Project Goals and Objectives:
1) increase the utility of the International Shorebird Survey (ISS) for making shorebird management and conservation decisions within the South Atlantic Landscape Conservation Cooperative, and
2) create a single data management system that can service all partners along the Atlantic coast
Project Summary:
The utility of the International Shorebird Survey (ISS) has been greatly improved with an upgraded, user-friendly interface for data entry and retrieval. Manomet and ISS have contributed to the increasingly powerful citizen science bird records mechanism in eBird. Historic ISS data collected largely by volunteers as well as professional federal and state biologists over the last 40 years has been error checked and uploaded electronically to the Avian Knowledge Network (AKN), adding valuable long-term records of local shorebird abundance and phenology. Now shorebird survey results can be entered directly by individual surveyors using a newly created ISS portal in Cornell’s eBird system. Data entry is possible with bulk uploading for multiple surveys on a large landscape such a National Wildlife Refuge, as well as the more standard individual survey directly into eBird.

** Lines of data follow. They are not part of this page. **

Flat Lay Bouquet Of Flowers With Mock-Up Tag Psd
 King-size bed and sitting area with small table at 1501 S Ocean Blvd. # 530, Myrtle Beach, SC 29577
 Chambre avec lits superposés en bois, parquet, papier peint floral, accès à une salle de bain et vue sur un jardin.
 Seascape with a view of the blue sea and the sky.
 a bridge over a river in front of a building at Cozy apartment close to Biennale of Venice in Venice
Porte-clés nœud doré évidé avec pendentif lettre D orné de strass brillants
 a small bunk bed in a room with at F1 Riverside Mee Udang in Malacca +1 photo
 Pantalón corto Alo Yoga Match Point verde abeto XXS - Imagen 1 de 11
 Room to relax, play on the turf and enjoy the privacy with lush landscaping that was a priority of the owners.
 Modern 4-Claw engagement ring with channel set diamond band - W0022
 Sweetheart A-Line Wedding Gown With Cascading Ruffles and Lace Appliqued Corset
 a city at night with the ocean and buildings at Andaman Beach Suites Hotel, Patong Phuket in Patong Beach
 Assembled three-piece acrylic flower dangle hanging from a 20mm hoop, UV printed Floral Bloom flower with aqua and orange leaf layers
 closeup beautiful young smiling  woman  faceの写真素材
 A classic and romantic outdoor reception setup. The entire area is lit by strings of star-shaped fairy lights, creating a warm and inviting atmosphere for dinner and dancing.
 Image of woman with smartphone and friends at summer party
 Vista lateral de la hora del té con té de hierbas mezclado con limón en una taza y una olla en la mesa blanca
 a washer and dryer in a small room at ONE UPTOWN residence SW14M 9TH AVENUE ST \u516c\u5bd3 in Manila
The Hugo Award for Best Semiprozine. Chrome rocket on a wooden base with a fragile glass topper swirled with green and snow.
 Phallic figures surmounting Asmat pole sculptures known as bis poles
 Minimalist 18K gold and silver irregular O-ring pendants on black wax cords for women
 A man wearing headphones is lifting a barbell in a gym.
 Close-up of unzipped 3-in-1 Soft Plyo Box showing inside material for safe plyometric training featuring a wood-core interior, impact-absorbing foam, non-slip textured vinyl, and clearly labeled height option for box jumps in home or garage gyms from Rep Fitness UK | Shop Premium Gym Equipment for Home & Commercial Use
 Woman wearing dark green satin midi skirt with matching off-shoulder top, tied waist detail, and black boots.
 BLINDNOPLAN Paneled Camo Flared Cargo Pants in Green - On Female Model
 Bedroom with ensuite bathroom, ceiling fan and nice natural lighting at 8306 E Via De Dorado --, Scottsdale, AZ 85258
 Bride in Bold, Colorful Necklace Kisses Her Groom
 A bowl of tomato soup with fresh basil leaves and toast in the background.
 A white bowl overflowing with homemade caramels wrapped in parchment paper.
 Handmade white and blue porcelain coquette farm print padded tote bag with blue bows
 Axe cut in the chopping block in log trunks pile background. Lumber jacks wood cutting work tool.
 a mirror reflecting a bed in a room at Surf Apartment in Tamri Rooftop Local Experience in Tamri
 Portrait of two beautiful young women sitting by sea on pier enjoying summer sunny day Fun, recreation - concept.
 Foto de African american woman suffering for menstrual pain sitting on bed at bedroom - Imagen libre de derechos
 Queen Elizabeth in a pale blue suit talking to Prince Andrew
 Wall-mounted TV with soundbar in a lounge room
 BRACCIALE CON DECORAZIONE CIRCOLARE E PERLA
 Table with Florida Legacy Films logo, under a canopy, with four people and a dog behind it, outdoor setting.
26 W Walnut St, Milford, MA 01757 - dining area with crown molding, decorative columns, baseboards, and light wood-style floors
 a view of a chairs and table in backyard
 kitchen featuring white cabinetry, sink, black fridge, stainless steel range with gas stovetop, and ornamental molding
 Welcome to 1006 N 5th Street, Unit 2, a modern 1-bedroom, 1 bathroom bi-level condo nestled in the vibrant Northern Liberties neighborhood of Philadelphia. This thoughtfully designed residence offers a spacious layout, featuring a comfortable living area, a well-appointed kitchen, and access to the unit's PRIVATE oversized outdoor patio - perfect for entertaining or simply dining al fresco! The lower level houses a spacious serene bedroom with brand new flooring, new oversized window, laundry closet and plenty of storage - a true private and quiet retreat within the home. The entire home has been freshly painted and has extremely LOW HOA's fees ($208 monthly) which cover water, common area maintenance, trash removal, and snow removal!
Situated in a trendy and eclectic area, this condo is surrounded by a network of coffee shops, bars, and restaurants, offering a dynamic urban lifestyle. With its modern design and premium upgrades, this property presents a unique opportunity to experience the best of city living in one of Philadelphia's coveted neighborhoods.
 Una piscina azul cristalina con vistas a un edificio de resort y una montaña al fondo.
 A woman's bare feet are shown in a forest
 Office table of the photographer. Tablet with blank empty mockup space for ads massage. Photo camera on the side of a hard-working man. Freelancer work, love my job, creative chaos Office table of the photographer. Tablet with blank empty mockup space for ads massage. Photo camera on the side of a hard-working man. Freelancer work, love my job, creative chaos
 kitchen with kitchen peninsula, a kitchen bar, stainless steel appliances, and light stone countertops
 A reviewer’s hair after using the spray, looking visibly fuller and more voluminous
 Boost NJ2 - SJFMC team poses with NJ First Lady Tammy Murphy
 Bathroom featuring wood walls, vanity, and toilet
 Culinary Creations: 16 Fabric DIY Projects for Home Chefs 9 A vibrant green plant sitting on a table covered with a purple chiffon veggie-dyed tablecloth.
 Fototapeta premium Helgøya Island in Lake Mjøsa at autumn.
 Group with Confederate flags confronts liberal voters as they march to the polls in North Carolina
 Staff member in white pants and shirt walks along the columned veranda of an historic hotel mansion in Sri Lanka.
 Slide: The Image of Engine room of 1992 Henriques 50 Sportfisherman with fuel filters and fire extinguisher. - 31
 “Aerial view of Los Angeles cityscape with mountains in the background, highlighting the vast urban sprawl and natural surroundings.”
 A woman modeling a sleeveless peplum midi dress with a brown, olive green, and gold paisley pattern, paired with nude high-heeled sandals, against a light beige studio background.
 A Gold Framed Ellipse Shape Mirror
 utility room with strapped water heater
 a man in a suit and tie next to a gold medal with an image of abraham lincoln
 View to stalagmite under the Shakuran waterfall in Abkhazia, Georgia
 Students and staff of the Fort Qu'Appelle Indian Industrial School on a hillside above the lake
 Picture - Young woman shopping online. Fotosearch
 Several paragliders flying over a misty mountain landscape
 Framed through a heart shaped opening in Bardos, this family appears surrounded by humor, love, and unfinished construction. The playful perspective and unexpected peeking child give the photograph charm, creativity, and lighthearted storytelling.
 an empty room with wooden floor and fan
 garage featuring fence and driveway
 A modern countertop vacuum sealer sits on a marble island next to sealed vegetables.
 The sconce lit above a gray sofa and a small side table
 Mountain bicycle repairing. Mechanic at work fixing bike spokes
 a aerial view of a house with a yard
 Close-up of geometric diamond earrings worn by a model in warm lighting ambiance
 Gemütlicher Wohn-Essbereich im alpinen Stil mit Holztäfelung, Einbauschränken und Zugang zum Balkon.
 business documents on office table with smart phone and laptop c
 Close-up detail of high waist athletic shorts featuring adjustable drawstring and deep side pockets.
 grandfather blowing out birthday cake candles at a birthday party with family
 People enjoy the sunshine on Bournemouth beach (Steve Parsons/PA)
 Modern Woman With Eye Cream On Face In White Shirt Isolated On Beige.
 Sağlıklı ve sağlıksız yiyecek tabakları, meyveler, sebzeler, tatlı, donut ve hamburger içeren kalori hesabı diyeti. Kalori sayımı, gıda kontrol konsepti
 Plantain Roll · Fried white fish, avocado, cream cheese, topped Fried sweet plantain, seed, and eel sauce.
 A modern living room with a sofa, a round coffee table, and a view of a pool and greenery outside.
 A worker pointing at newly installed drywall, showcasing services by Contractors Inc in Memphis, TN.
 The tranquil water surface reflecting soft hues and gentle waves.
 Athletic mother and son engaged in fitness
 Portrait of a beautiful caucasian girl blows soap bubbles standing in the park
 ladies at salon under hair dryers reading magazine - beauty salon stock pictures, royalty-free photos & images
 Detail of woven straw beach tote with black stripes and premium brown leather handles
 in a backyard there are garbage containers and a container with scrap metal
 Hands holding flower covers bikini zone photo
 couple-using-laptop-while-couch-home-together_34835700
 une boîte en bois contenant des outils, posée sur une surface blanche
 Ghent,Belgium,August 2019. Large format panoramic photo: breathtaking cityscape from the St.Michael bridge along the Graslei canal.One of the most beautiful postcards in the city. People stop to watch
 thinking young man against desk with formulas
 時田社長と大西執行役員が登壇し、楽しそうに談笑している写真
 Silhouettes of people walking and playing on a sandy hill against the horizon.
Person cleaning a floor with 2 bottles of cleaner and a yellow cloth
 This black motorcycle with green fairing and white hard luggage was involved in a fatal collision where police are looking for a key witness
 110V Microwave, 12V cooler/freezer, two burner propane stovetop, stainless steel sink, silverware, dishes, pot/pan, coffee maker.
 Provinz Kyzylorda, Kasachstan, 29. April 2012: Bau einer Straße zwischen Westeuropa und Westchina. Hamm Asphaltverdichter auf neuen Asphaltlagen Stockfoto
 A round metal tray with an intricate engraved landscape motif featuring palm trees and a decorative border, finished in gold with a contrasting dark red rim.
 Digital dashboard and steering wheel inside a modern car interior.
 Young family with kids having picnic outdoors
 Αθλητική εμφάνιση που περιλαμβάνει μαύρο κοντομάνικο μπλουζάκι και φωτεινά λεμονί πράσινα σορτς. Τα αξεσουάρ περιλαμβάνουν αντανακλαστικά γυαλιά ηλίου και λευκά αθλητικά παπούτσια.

A no-cost extension allowed Manomet staff the ability to locate all foreign hardcopy ISS submissions, format them to allow bulk downloading, and add them through the ISS-eBird portal to the Avian Knowledge Network database.
A secondary yet related pilot project involving more rigorous survey parameters for ISS is underway on the Atlantic Coast. This project is being coordinated by Jon Bart of the US Geological Survey and fostered and promoted at the state implementation level by Manomet staff at five regional meetings from Georgia to Maine. This methodology takes the basic ISS approach but adds a more rigorous sampling frame in order to make more robust population level inferences.